— Чего это? — изумился Кинтоки.
— Мой отец был Тайра Масакадо, — сказал Садамицу. — Почтенная Сэйсё, можно немного отвара?
— Нет, погоди… — сказал Урабэ. — Ведь было приказано казнить всех потомков Масакадо мужского пола. Как же ты…?
— Я еще не родился, когда был отдан этот приказ, — пояснил Садамицу между глотками. — Вассалу господина Садамори глянулась наложница Масакадо. Он взял ее беременной, надеясь, что родится девочка — а родился я. Мой названый отец любил мою мать и не стал казнить меня. Он велел объявить, что я девочка, и до семи лет я носил женское платье и жил на женской половине… А потом у наложницы родилась настоящая дочь. Ее записали мальчиком, а через несколько лет, чтобы окончательно запутать дело, меня под ее мужским именем отдали в сыновья к вассалу господина Тада-Мандзю, самураю Усуи. Так что мне по записям — тринадцать лет, а ты, Кинтоки, в хорошей компании.
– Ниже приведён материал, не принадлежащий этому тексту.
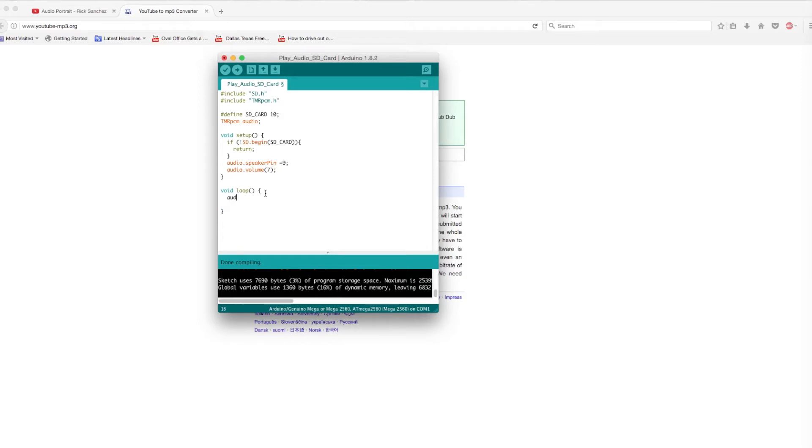Inside the loop, I'm simply going to play the audio file that I want, and then wait two seconds before the loop repeats itself indefinitely.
А что сказать мне? — подумал Райко, — сыну господина Тада-Мандзю?
— Почтенная Сэйсё права, — проговорил он уже почти непослушным языком. — Мы есть то, что мы делаем. С тем, что есть, и с тем, что принесли из прошлых рождений. Ешь, Кинтоки. Ты мой вассал, тебе нужно восстановить силы.
Кинтоки больше не отказывался — выхлебал два черпачка и передал Цуне. Затем лекарственное питье перешло к Урабэ, и тот спокойно пригубил. И то: уложив с десяток человек, трудно сильней испортить себе карму отваром из… а кстати, из кого?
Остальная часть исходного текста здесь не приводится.